Zachary Taylor (24 November 1784 – 9 July 1850) was President of the United States from 4 March 1849 to 9 July 1850, succeeding James K. Polk and preceding Millard Fillmore. He distinguished himself as a general during the Second Seminole War and the Mexican-American War, and he was elected President as a Whig. He died in office in 1850.
Biography[]
Zachary Taylor was born in Barboursville, Virginia in 1784 to a prominent family of plantation owners, and he was raised in Kentucky. Taylor joined the US Army in 1807, and he first distinguished himself as a captain in the defense of Fort Harrison against the Shawnee leader Tecumseh in 1812. In later conflicts with the Native Americans - the Black Hawk War in 1832 and the Second Seminole War later in the 1830s - he proved a decisive military commander, but also humane and honorable in his dealings with defeated Indians. His victory over the Seminole at Lake Okeechobee in 1837 brought him promotion to Brigadier-General. Taylor became a well-known officer with a distinctive style - his disdain for formality and his "spit and polish" earned him the nickname "Rough and Ready". But it was the outbreak of war with Mexico that made him famous. In January 1846, President James K. Polk ordered him to lead troops south to the Rio Grande, an act of provocation to which Mexico reacted with force. Fighting against heavy odds, Taylor defeated the Mexicans at Palo Alto in May, principally through aggressive use of mobile field artillery.
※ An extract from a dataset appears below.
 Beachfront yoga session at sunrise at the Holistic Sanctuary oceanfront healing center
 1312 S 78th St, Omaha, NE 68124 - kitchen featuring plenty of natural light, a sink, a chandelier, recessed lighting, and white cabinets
In September, Taylor took Monterrey by assault, agreeing to an armistice with the defenders to limit the lboodshed. This agreement outraged Polk, who took the best of Taylor's troops away for an invasion of Veracruz. But Taylor refused to be relegated to the backstage and continued his campaign. In February 1847, he defeated an army led by the Mexican general Antonio Lopez de Santa Anna at Buena Vista, even though he was outnumbered five to one. The popularity he gained from these victories provided a springboard for Taylor's election as president in 1848. He defeated Winfield Scott and Henry Clay to take the Whig nomination and defeated Democratic candidates Lewis Cass and William Orlando Butler, as well as Free Soil Party candidates Martin Van Buren and Charles Francis Adams Sr.. Taylor did not push for the expansion of slavery, instead seeking sectional harmony. To avoid the issue of slavery, he had New Mexico and California bypass the territorial stage and become states under the Compromise of 1850. He died of a stomach ailment in 1850 at the age of 65.